Is it practical yet to incorporate your web applications into a Web OS to make it more user friendly or just do a traditional HTML layout?
I found one that looks very interesting which is based on Ext JS and PHP that seams it will be simple for me to incorporate my own web applications into and make them feel more like a desktop app.
qWikiOffice - http://qwikioffice.com/
http://glidertools.net/preferences.jpg
Allow me to be the first to say that a "WebOS" is a bit of a misnomer. What is really meant is a web "application" that looks and feels like a modern operating system because it has folders and other widgets.
I think that for some things a "webos" will eventually be practical, but for now, a "traditional" html layout that incorporates traditional desktop application type concepts via AJAX is the current level of practical.
Uh, did you mean "practical"? Or "piratical"?
Anyway, yeah, I think they're practical for a certain class of users. not great for developers, very good for people who want lightweight apps and a way to read RSS and search/surf the web.

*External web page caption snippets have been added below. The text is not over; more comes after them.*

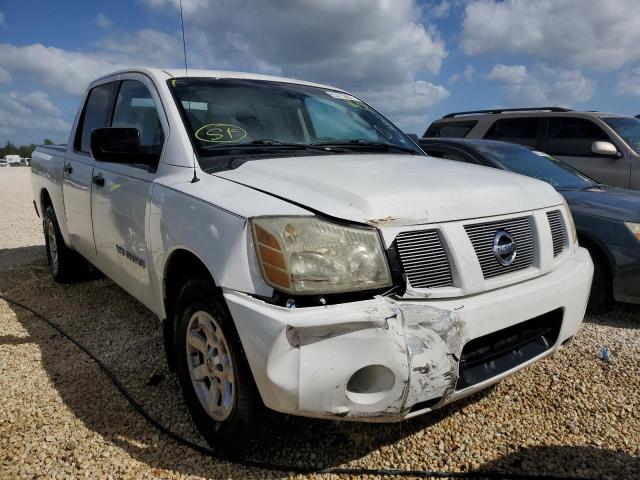 Photo 1 from auction – 2007 NISSAN TITAN XE with VIN 1N6AA07A57N240302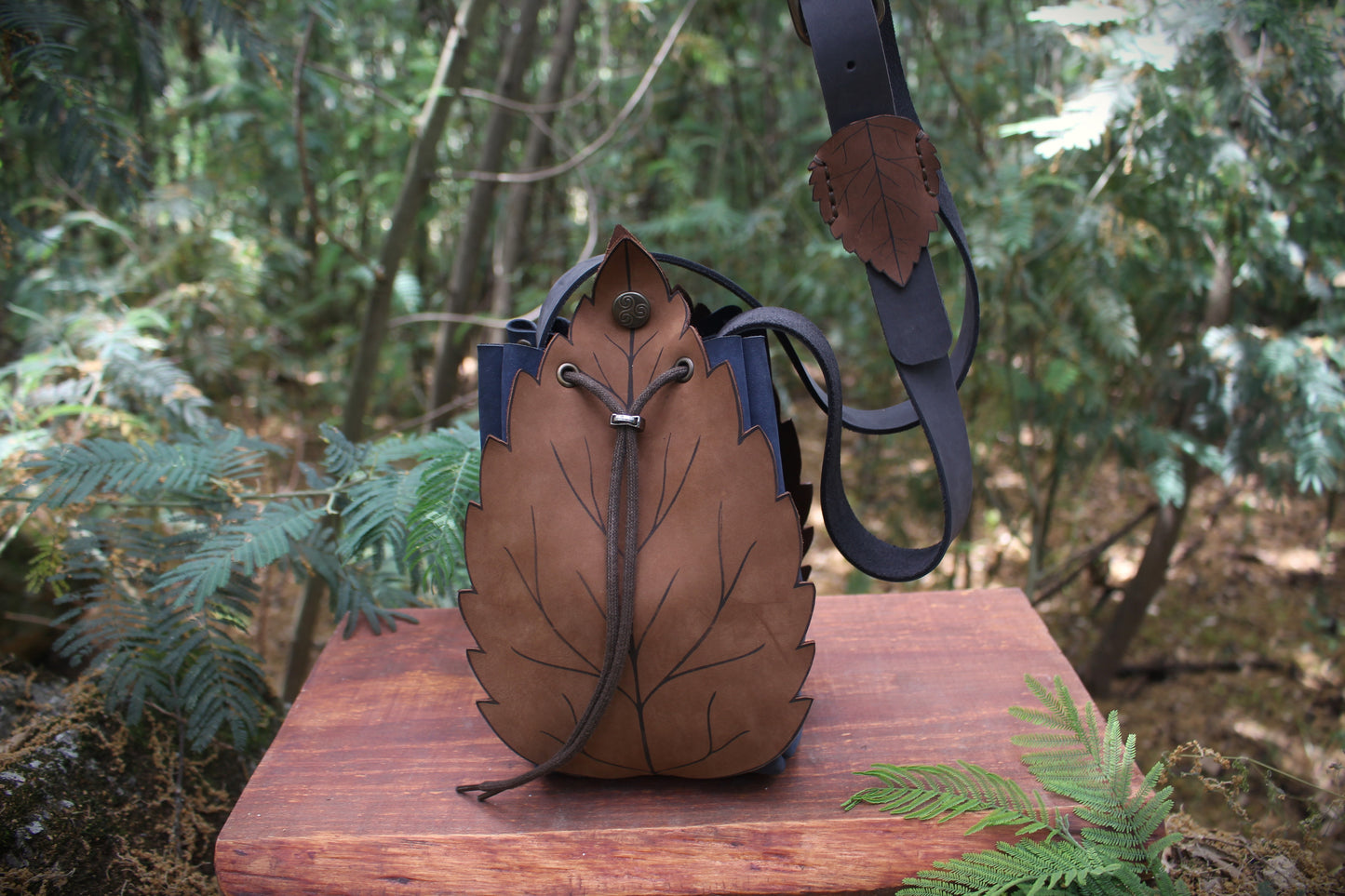 Brown Fairy Shoulder Bag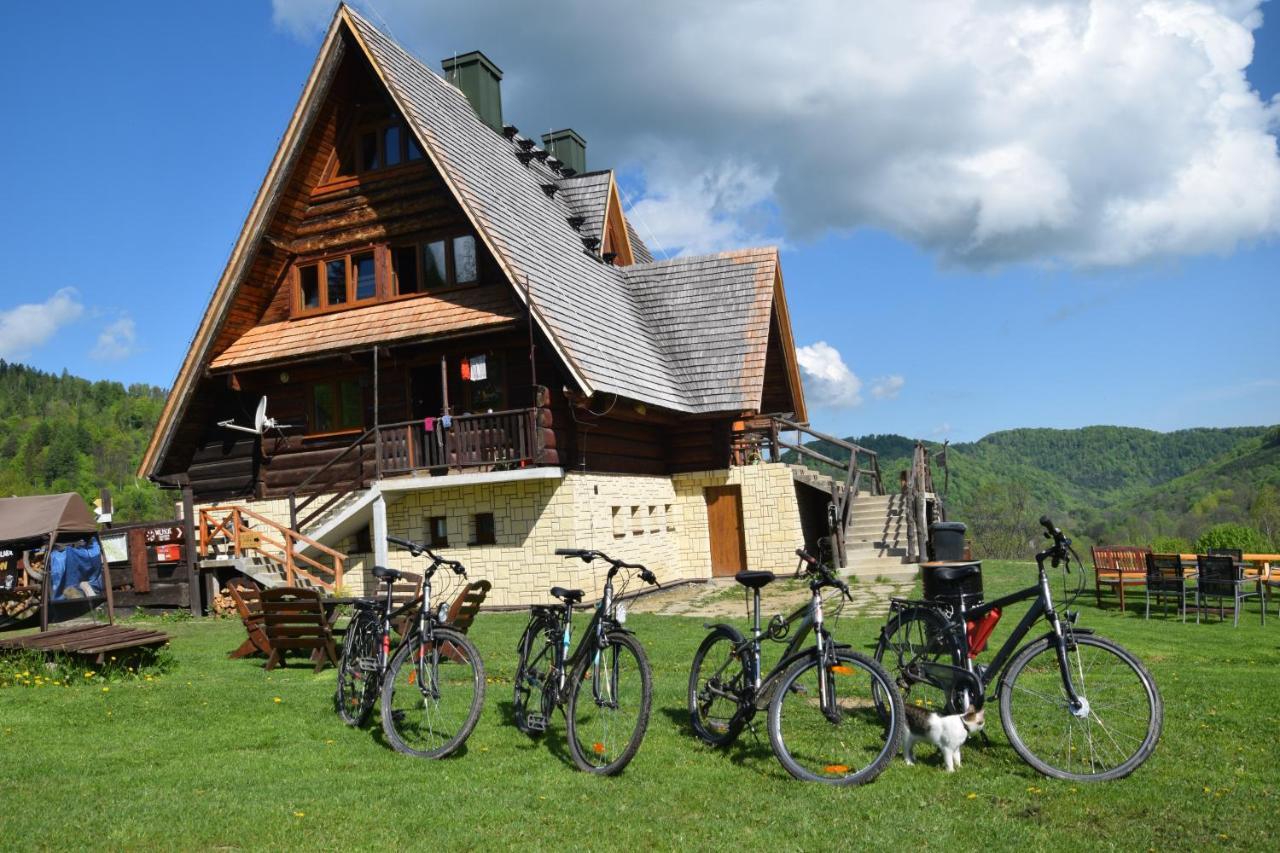 Bacowka Pttk Jaworzec Hostel Wetlina Exterior foto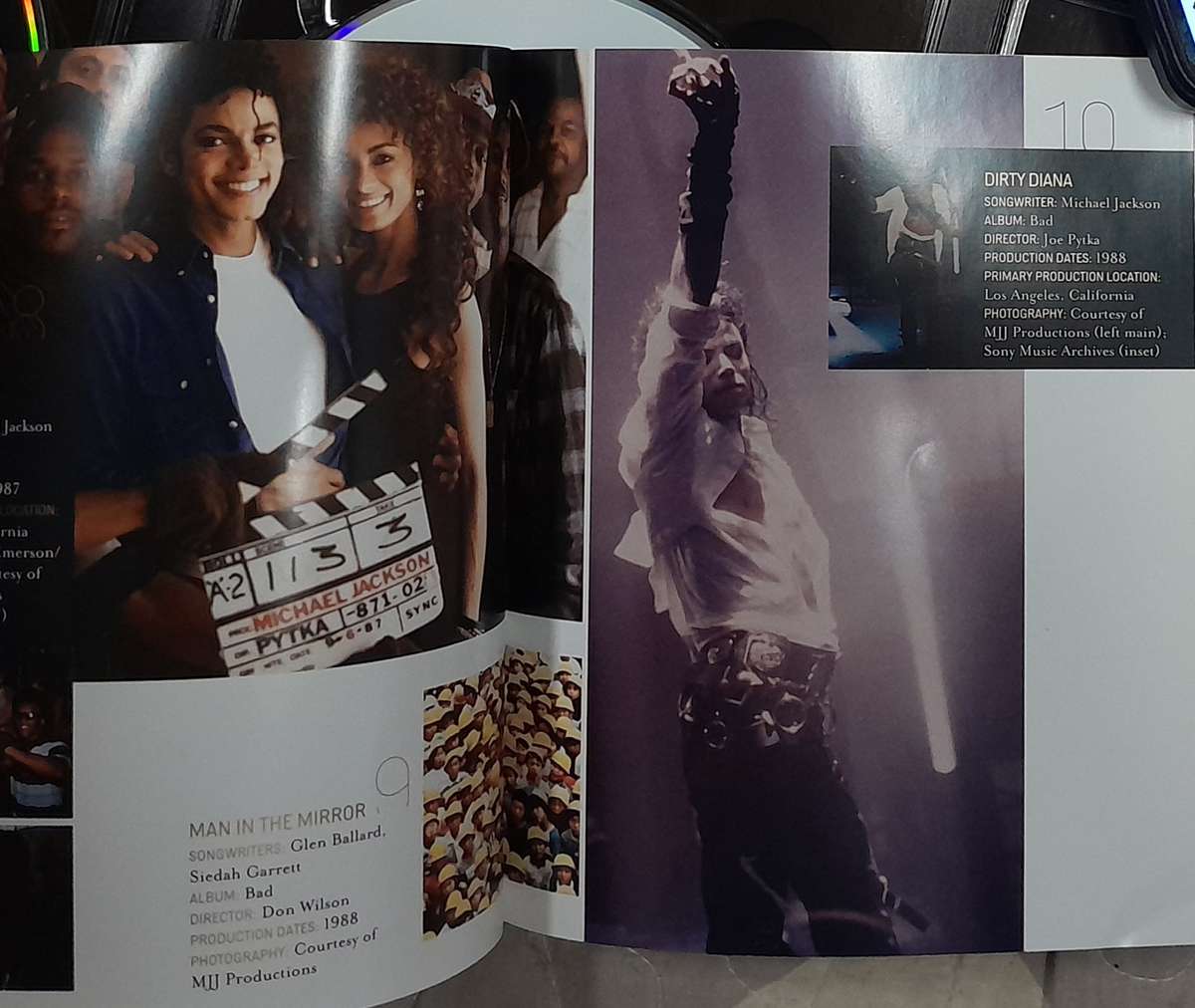 Michael Jackson - Michael Jackson's Vision 3DVD set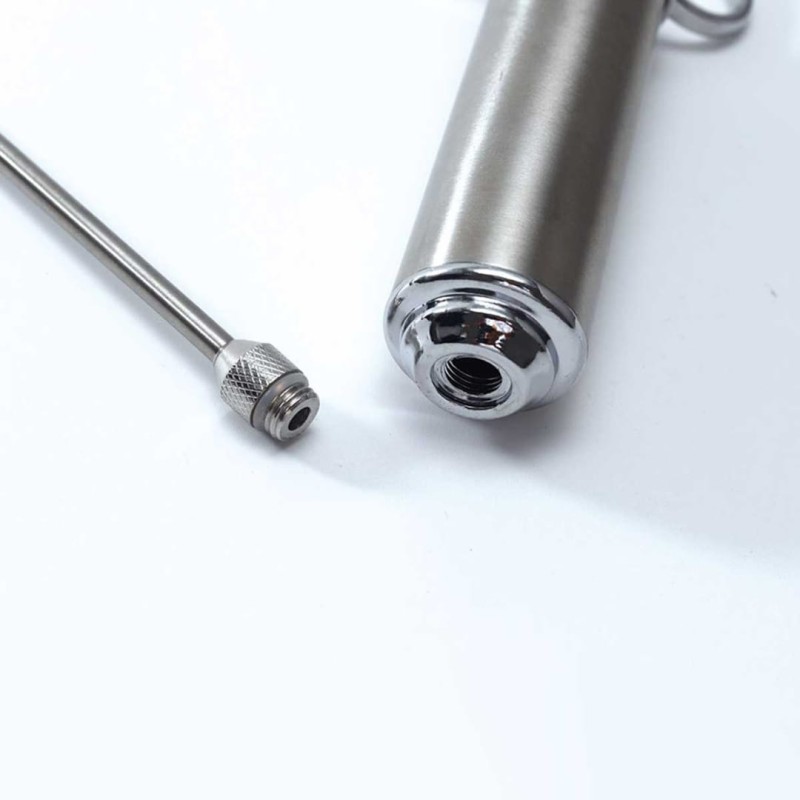 Nastrzykiwarka stalowa do nastrzykiwania peklowania mięsa 60ml  KLAUSBERG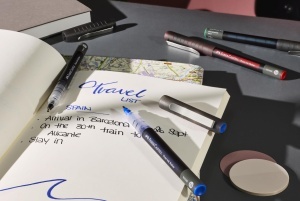 Tintenroller Faber-Castell Free Ink, 12 bucati, 0.8 mm, negru - Img 6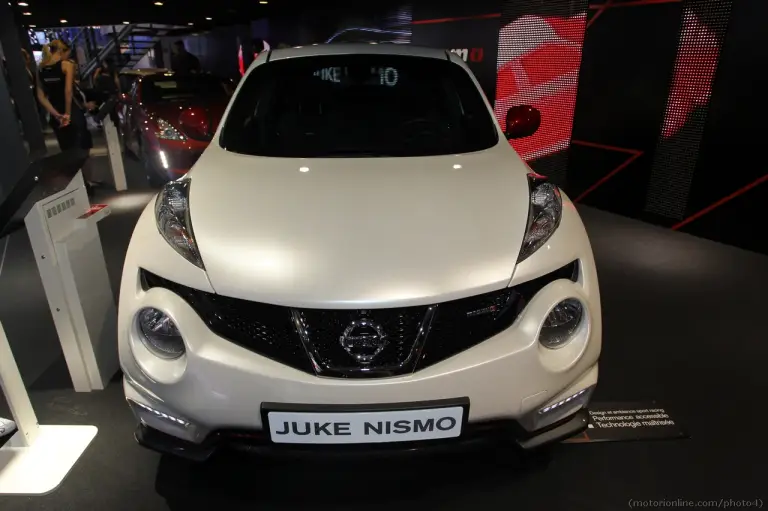 Nissan Juke Nismo - Salone di Parigi 2012 - 6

Though the idea is cool it is not practical because of the fact that a lot of countries in the world have miserable internet speeds. I have just been to Thailand, most places the internet was not fast enough for gmail to work in ajax mode. It could take up in western countries.
More answers here:
Web Desktops
I have yet to see a compelling reason to use a WebOS. My browser has tabs and I really do not mind having all my Web Applications opened in different tabs. My OS is mostly used for file manipulation which I would never want to do in a Web Browser anyways.
I see these as nothing more than people playing with a lot of JavaScript. If you are going to develop a web app why not make it so the most people will be able to use it (keep it off a specific WebOS).